Heridas abiertas arroja a la reportera Camille, la protagonista que vuelve a su ciudad natal, a un pasadizo con pocas salidas. Mientras investiga el homicidio y la desaparición de dos adolescentes, el personaje encarnado por Amy Adams confrontará a su posesiva madre y a su “tradicional” comunidad para llevar a cabo un tour de force psicológico en una de las series más esperadas de la temporada.

Título: Heridas abiertas (Sharp Objects)
Año: 2018
País: Estados Unidos
Dirección: Marti Noxon y Jean-Marc Vallée.
Guion: Marti Noxon, Scott Brown, Ariella Blejer, Dawn Kamoche, Vince Calandra, Alex Metcalf (basado en la novela escrita por Gillian Flynn).
Fotografía: Yves Bélanger, Ronald Plante.
Reparto: Amy Adams, Patricia Clarkson, Chris Messina, Eliza Scanlen, Taylor John Smith, Will Chase, Jackson Hurst, Catherine Carlen, Madison Davenport, Elizabeth Perkins, Dylan Schombing, Wes Robertson, Robert Artz, Gunnar Koehler, Jennifer Lamar, Elsa Morales Myers, Sophia Lillis.

“Algunos lo llaman caos, nosotros: familia”, reza un póster sobre la pared de la casa de una familia clasemediera en Estados Unidos. Camille (Amy Adams) pasa junto a él antes de regresar a una fiesta de adolescentes en donde el alcohol, las drogas y las miradas de burla son la única salida para aliviar el aburrimiento en un poblado en donde las apariencias lo son todo: bienvenidos a Wind Gap. Pueblo chico, infierno grande.

Camille Preaker, la chica que deambula en la fiesta, es una reportera que regresa a Wind Gap, Missouri, su ciudad natal.

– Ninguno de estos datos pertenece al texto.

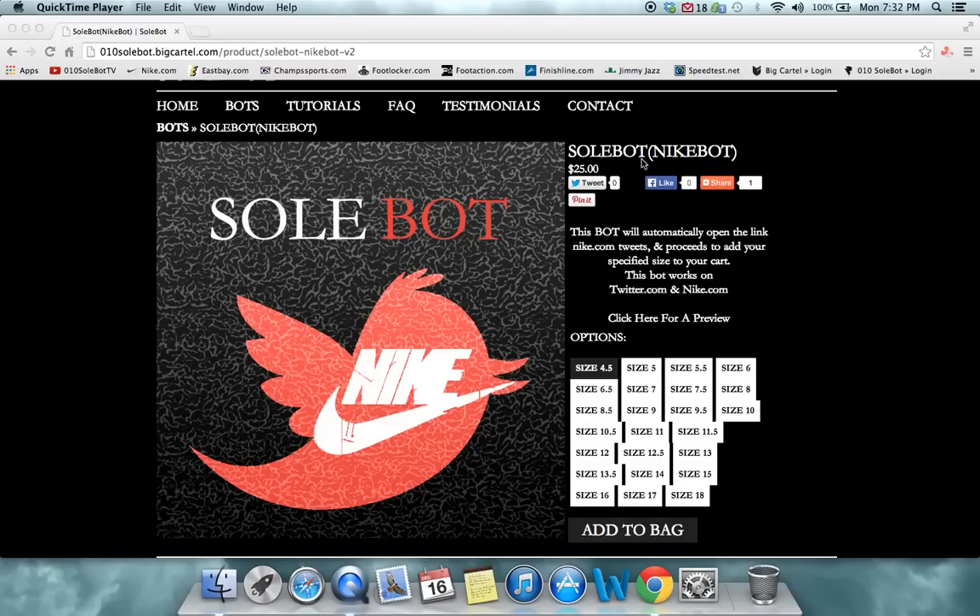What's going on, everyone? SoulBot here. I just wanted to give you a quick tutorial on my SoulBot NikeBot.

Su llegada obedece a una orden editorial que, sirviéndose de su familiaridad, debe camuflajearse entre la comunidad para escribir sobre dos historias: el asesinato de Ann Nash y la desaparición de Natalie Keene, dos adolescentes de la ciudad. Como dos pequeñas puertas de bienvenida, Heridas abiertas (HBO, 2018) lanza a Camille a un pasadizo con pocas salidas en una estructura policial pura, con un asesinato, varios sospechosos y la maraña de intrigas que se generan alrededor de estos acontecimientos.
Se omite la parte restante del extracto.